After the HHS Secretary, Kathleen Sebelius, approves the committee’s recommendation, it is expected to be 3-5 years before the majority of states will be screening for Pompe. Several states are running pilot and test programs already.
Pompe and MLD are both lysosomal diseases. The Pompe NBS test uses a Tandem Mass Spectrometer, likely the same instrument that MLD will require when its screen is optimized.
Much like MLD, Pompe has several ages of onset, the early onset is the primary target of the NBS, but the screen will also detect a later onset form. Early onset Pompe, if undetected, has an average age of death before 9 months. An enzyme replacement therapy developed by Genzyme, Myozyme, was approved by the FDA in 2006.
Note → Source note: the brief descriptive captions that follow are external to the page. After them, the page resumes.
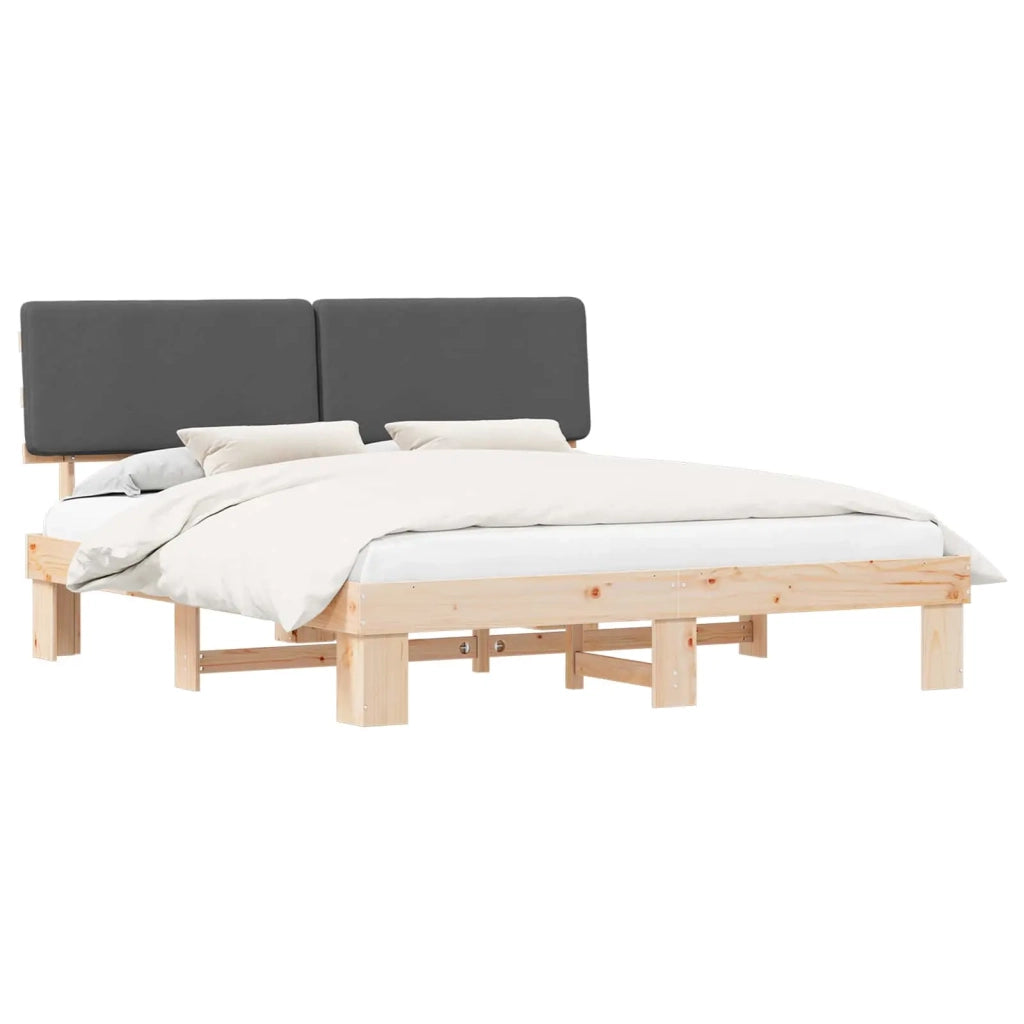 Letto con Testiera Rivestita Grigio scuro 180 x 200 cm
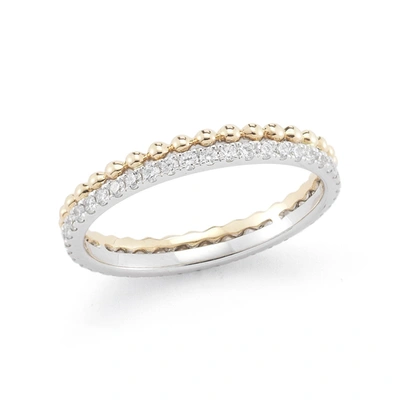 Dana Rebecca Designs Poppy Rae Diamond Pebble Ring In White Gold,yellow Gold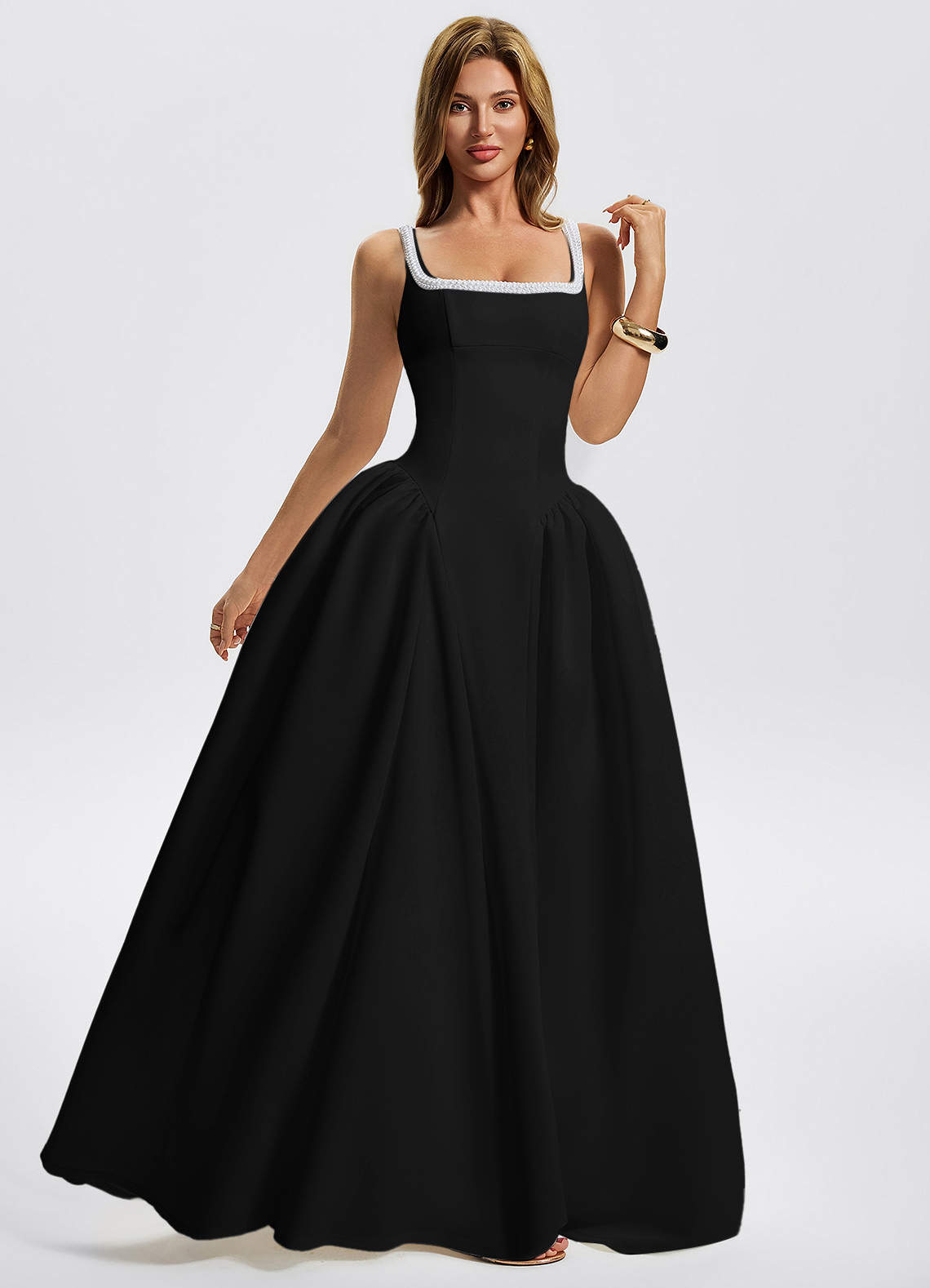 Kaelin A-Line Square-Neck Stretch Knit Evening Dress in Black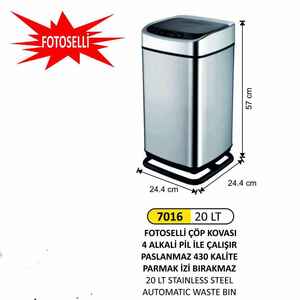 Arı Metal - Arı Metal 7016 Fotoselli Çöp Kovası 20 Litre Paslanmaz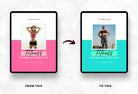 Ladystrategist 30 Page Fitness Program Template Bubble Gum Editable Canva Template instagram canva templates social media templates etsy free canva templates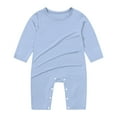 thumbnail image 1 of SERTG Toddler Kids Lightweight Long Sleeve Onesie Round Neck Sweet Pattern Home Wear Soft Comfortable Romper for Infants 3-24 Months(Blue,12 Months), 1 of 3
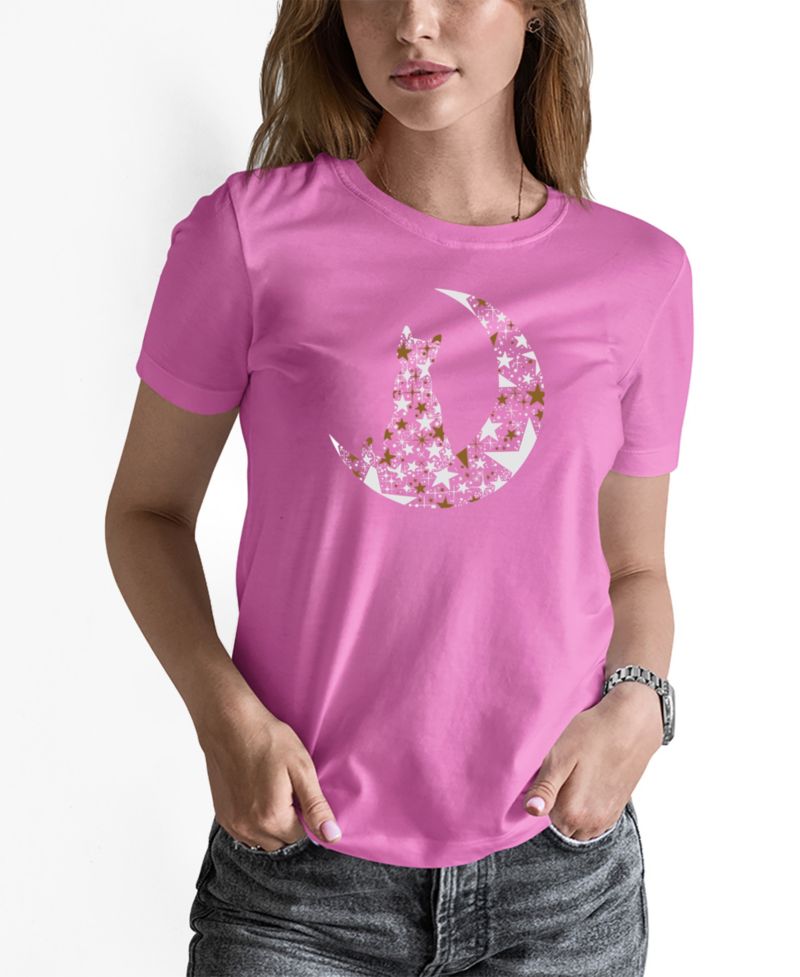 Women's Cat Sitting On Moon Word Art Long-Sleeve T-Shirt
The development of Myozyme was the focus of the 2010 film about the Crowley family, Extraordinary Measures, starring Brendan Fraser, Harrison Ford, and Keri Russell. While the film “Hollywood-izes” the story, compresses the actual time the development took, and shows an optimized ending, it is a good overview of what it takes sometimes to get new therapies developed for rare diseases.
A link to the press release can be seen here.
It’s terrific that a rare neurological disease has been recommended added to the list of newborn screenings, but why pick Pompe over a leukodystrophy?
Sorry for the late reply … first off, leukodystrophy is a broad collection of several dozen diseases not a single disease like Pompe. Why Pompe … because the Pompe community applied to be added to the RUSP. The ALD community has an application in process so hopefully the leukodystrophies will be represented on the panel soon.